A modem semiconductor device is component of approximately 20-30 pattern layers that collectively implement the intended functionality of the designer. In general, the designer describes the chip functionality with high level, behavior design languages like VHDL, and then a series of EDA tools translate the high-level description into a GDSII file. The GDSII file contains a geometrical description of polygons and other shapes that describe the patterns of the different layers. The GDSII file accompanied with process design rules for the fabrication process to be used to make the device describes the intended geometry on the layout with the relevant tolerances.

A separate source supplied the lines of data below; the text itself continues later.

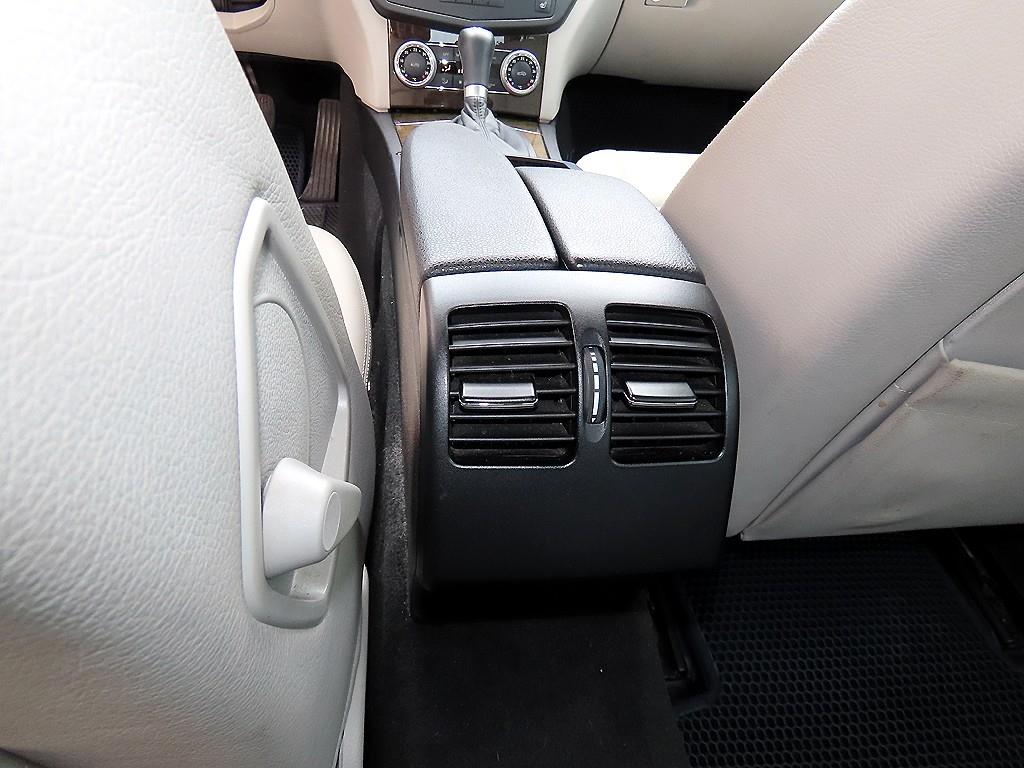 Mercedes Benz C Class 2009 - Importación desde Corea - HF Imports Iquique - Foto 17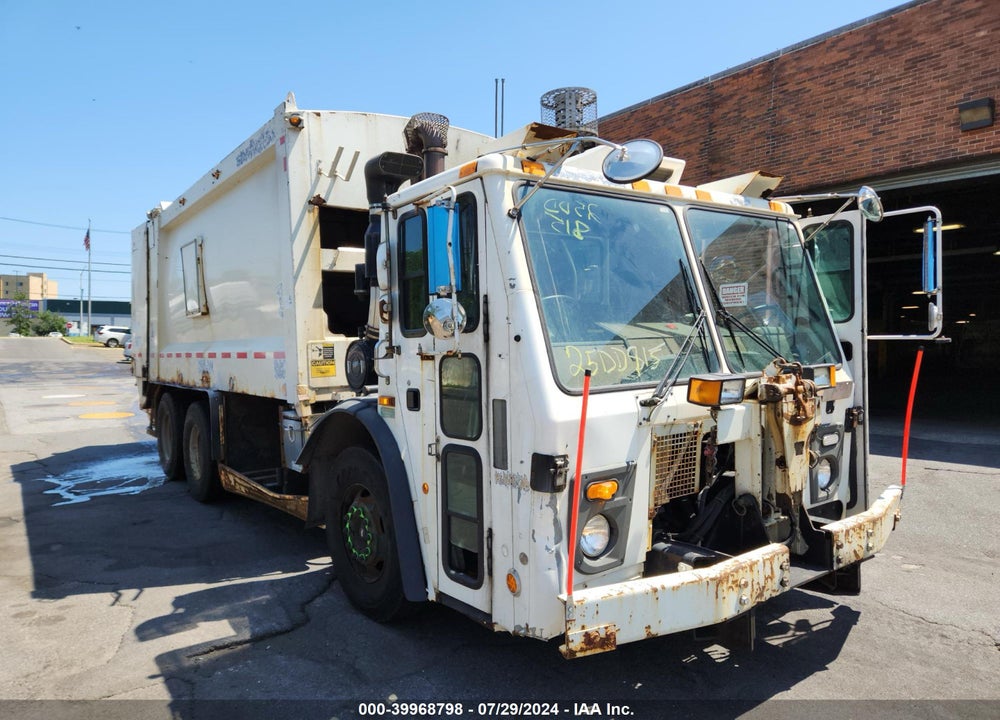 2013 MACK 600 LEU600 VIN: 1M2AU02C5DM007035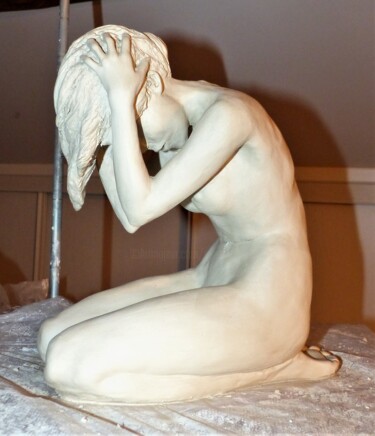 Sculpture titled "Dilemme" by Sylvie Bourély (SB), Original Artwork, Clay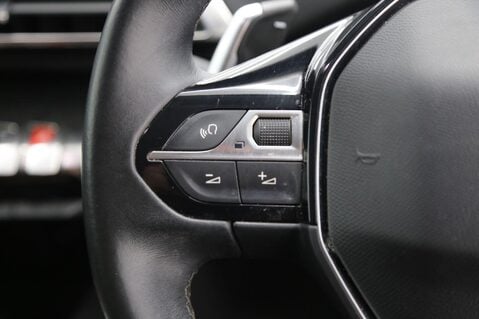 Peugeot 5008 1.2 PureTech Allure EAT Euro 6 (s/s) 5dr 11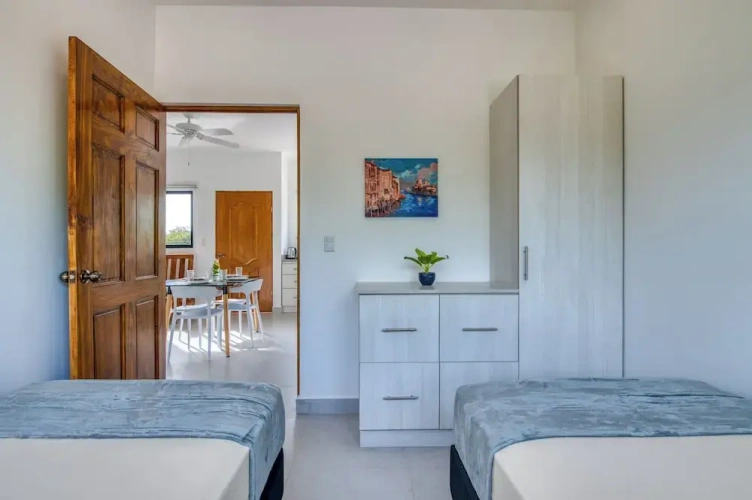 2 Bedrooms Apartment
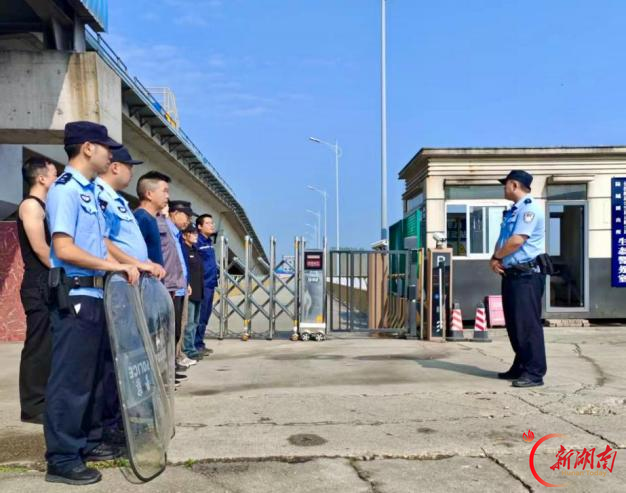 坚守岗位护平安 履职尽责保稳定 长航公安局岳阳分局陆城派出所开展基础防控工作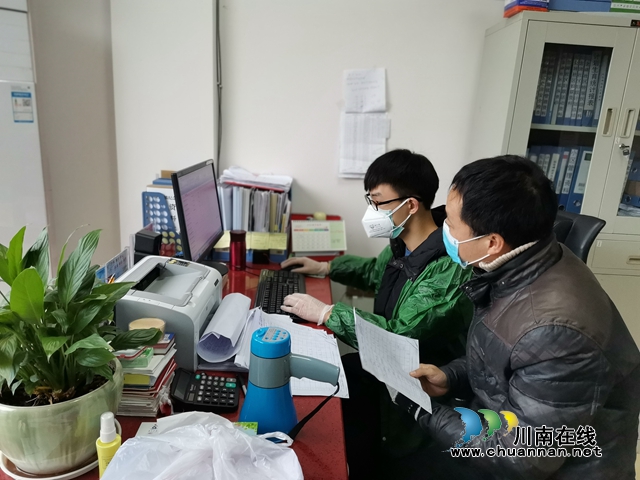 主動(dòng)請(qǐng)纓，躬身入局 瀘州十二中教師參加疫情防控志愿工作(圖5)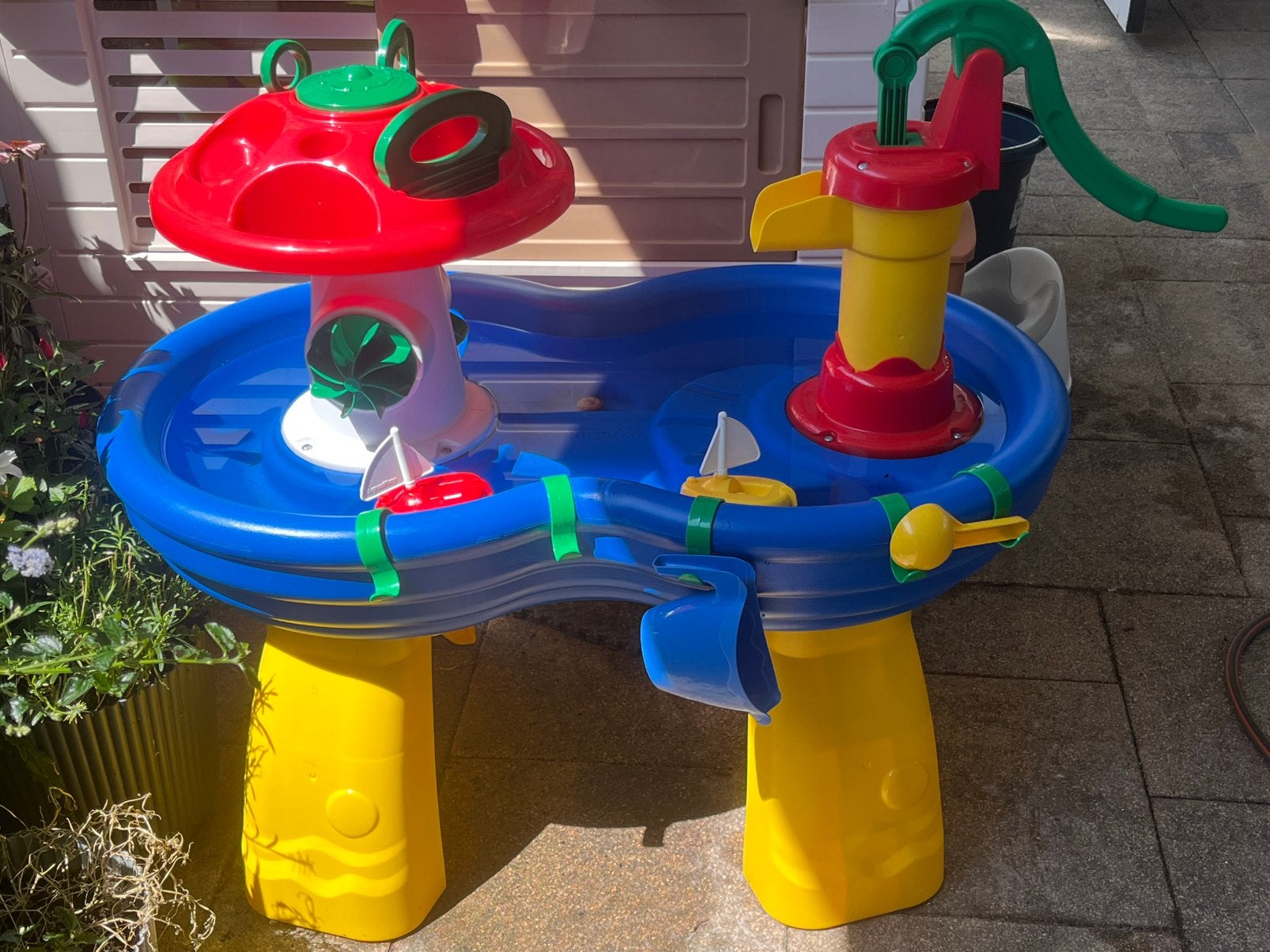 Watertafel, Ophalen, Zo goed als nieuw
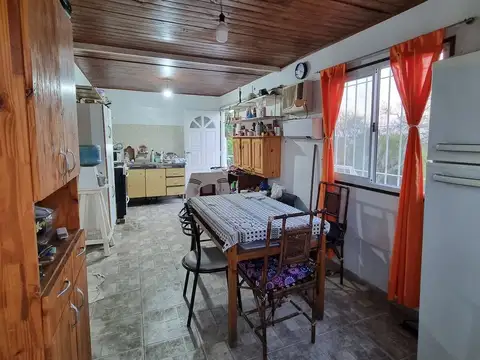 Casa en Venta en Arroyo Leyes, USD 35.000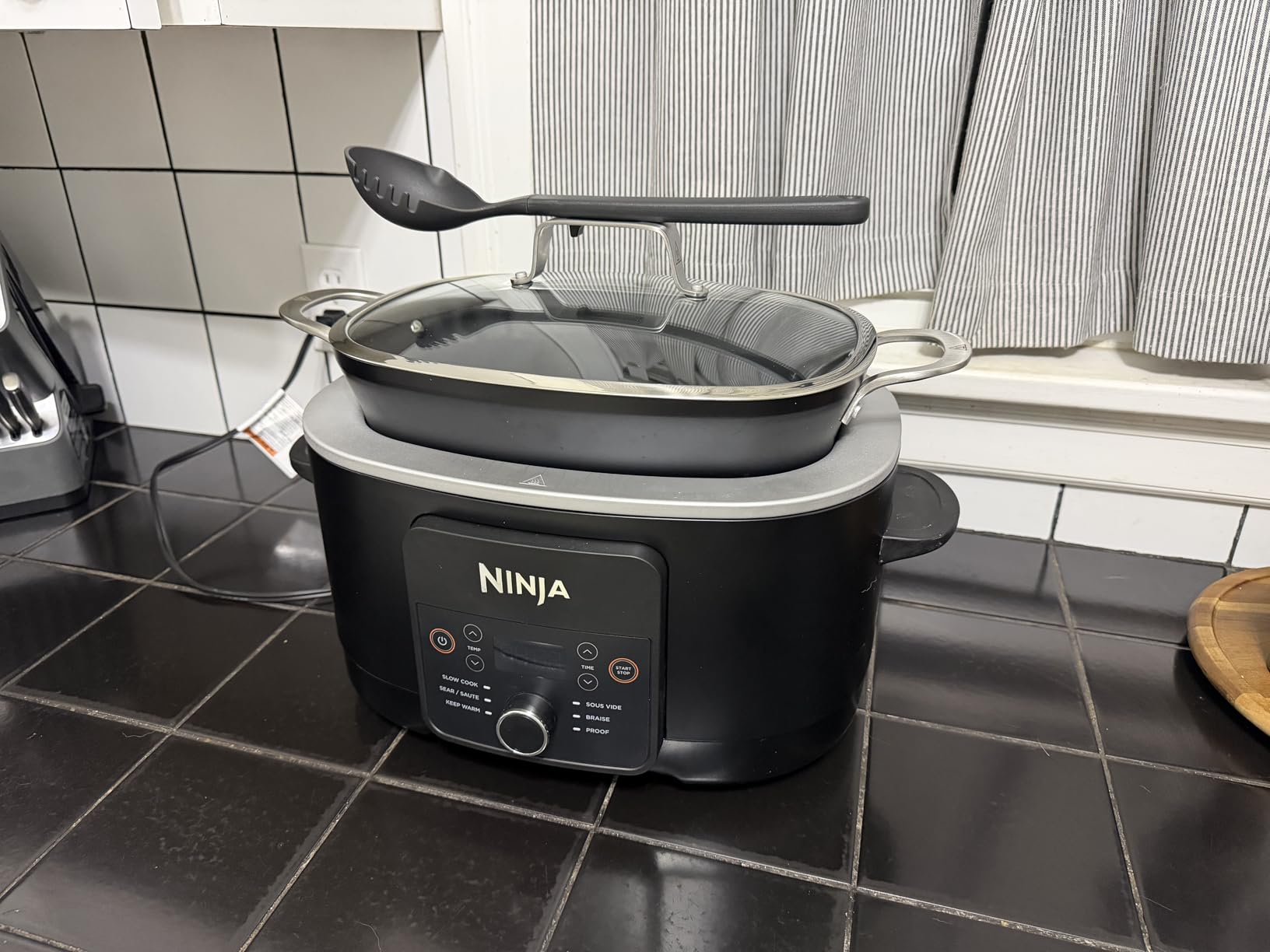 Ninja MC1101 Foodi Everyday Possible Cooker Pro, 8-in-1 Versatility, One-Pot Faster Cooking Replaces 10 Tools, Family-Sized Capacity with Adjustable Temp Control, 6.5 quarts, Midnight Blue customer photo 2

Modern photolithography presents several challenges, including those associated with moving from 90 nm to 45 nm and 32 nm while keeping the stepper wavelengths at 193 nm. This requires further transformation of the intended layout geometry to a post resolution enhancement technique (RET) version of the GDSII file. The new GDSII file includes pattern modifications for optical proximity corrections (OPC) and mask technology. The complex set of OPC corrections, mask-making and stepper conditions is required to print the intended geometry on the wafer.
In light of the above, semiconductor technologies have created a high demand for structuring and probing specimens within the nanometer scale. Micrometer and nanometer scale process control, inspection or structuring, is often done with charged particle beams. Probing or structuring is often performed with charged particle beams which are generated and focused in charged particle beam devices. Examples of charged particle beam devices are electron microscopes, electron beam pattern generators, ion microscopes as well as ion beam pattern generators. Charged particle beams, in particular electron beams, offer superior spatial resolution compared to photon beams, due to their short wavelengths at comparable particle energy.
For semiconductor manufacturing, throughput can be a significant limitation in tools for scanning a geometry in its entirety. Assuming a CD-SEM resolution of 1 nm, a 10 mm2 die contains 10E14 pixels. Accordingly, for covering the entire layout, a parallel architecture is desired.
Electron beam systems for multiple electron beams, which may be used for a fast wafer inspection, are generally realized by either an array of conventional single beam columns having a spacing in the range of a few centimeters or by a single column with an array of beams. In the latter case, the beam array has relatively small electron beam spacing in a range of 10 μm-100 μm. Thereby, a high number such as hundreds or even thousands of beams can be used. However, individual corrections of the beams are difficult.
In order to provide a tool that utilizes electron beam optics to scan the entire geometry of the chip layer within resolution and desired signal to noise ratio (SNR), which enables extraction and verification of the wafer pattern geometry against the design-intended GDSII file, i.e. the original GDSII file, improved and different system designs have to be considered.